Correlation Between Lumia and BANK OF CHINA -H-
Can any of the company-specific risk be diversified away by investing in both Lumia and BANK OF CHINA -H- at the same time? Although using a correlation coefficient on its own may not help to predict future stock returns, this module helps to understand the diversifiable risk of combining Lumia and BANK OF CHINA -H- into the same portfolio, which is an essential part of the fundamental portfolio management process.
By analyzing existing cross correlation between Lumia and BANK OF CHINA, you can compare the effects of market volatilities on Lumia and BANK OF CHINA -H- and check how they will diversify away market risk if combined in the same portfolio for a given time horizon. You can also utilize pair trading strategies of matching a long position in Lumia with a short position of BANK OF CHINA -H-. Check out your portfolio center. Please also check ongoing floating volatility patterns of Lumia and BANK OF CHINA -H-.
Diversification Opportunities for Lumia and BANK OF CHINA -H-
0.69 | Correlation Coefficient |
Poor diversification
The 3 months correlation between Lumia and BANK is 0.69. Overlapping area represents the amount of risk that can be diversified away by holding Lumia and BANK OF CHINA in the same portfolio, assuming nothing else is changed. The correlation between historical prices or returns on BANK OF CHINA -H- and Lumia is a relative statistical measure of the degree to which these equity instruments tend to move together. The correlation coefficient measures the extent to which returns on Lumia are associated (or correlated) with BANK OF CHINA -H-. Values of the correlation coefficient range from -1 to +1, where. The correlation of zero (0) is possible when the price movement of BANK OF CHINA -H- has no effect on the direction of Lumia i.e., Lumia and BANK OF CHINA -H- go up and down completely randomly.

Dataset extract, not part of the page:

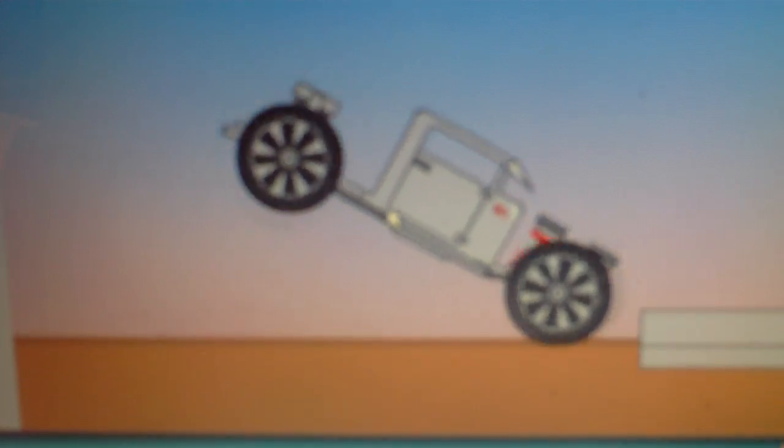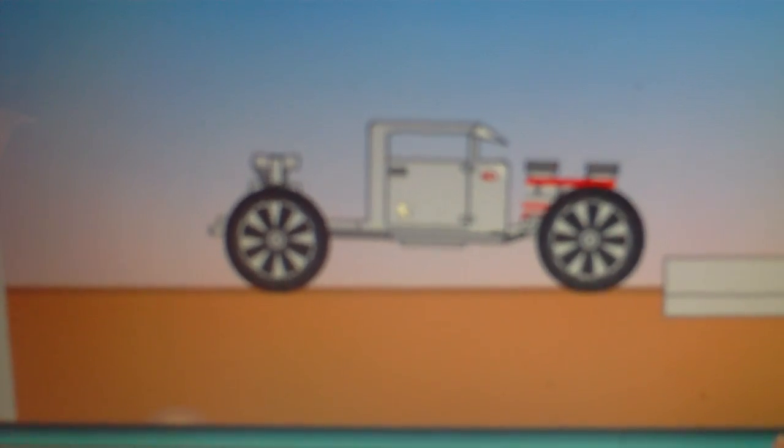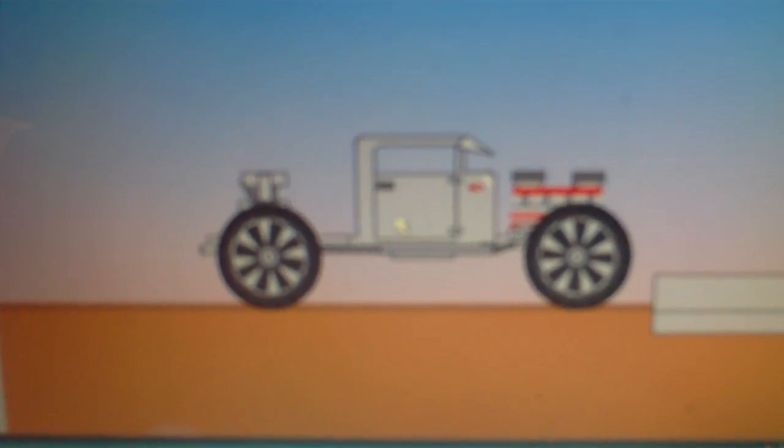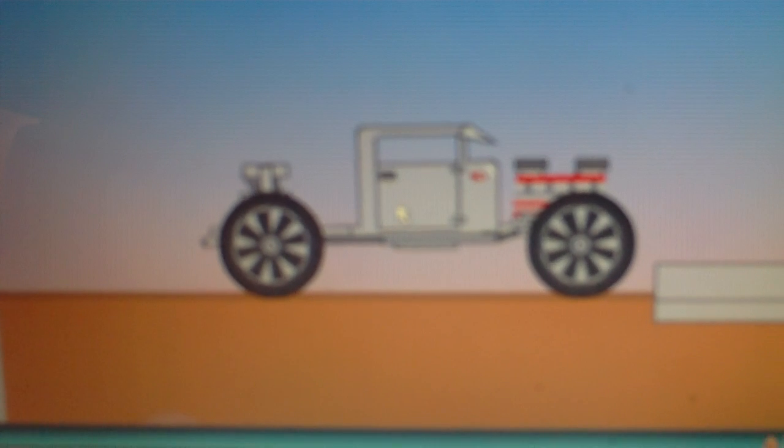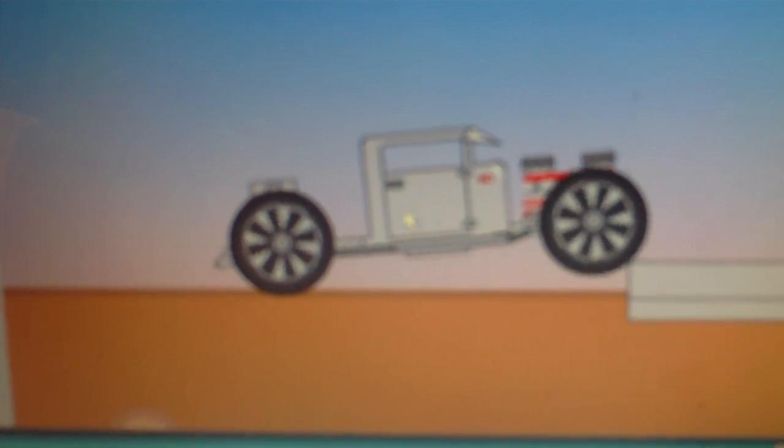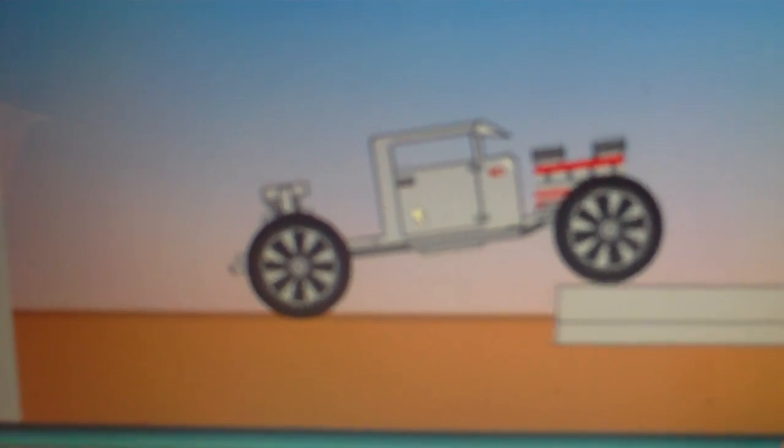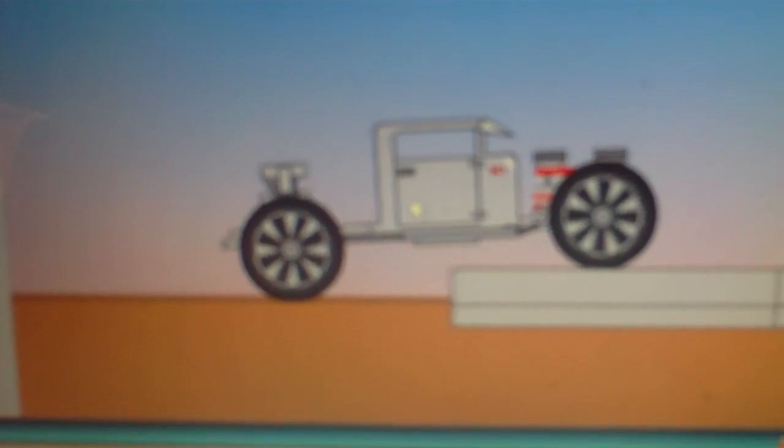Make what happens here, happen here. It's that easy. With GoToMyPC, you can access your Mac or PC from anywhere.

Pair Corralation between Lumia and BANK OF CHINA -H-
Assuming the 90 days trading horizon Lumia is expected to generate 62.99 times more return on investment than BANK OF CHINA -H-. However, Lumia is 62.99 times more volatile than BANK OF CHINA. It trades about 0.12 of its potential returns per unit of risk. BANK OF CHINA is currently generating about 0.1 per unit of risk. If you would invest 0.00 in Lumia on October 10, 2024 and sell it today you would earn a total of 120.00 from holding Lumia or generate 9.223372036854776E16% return on investment over 90 days.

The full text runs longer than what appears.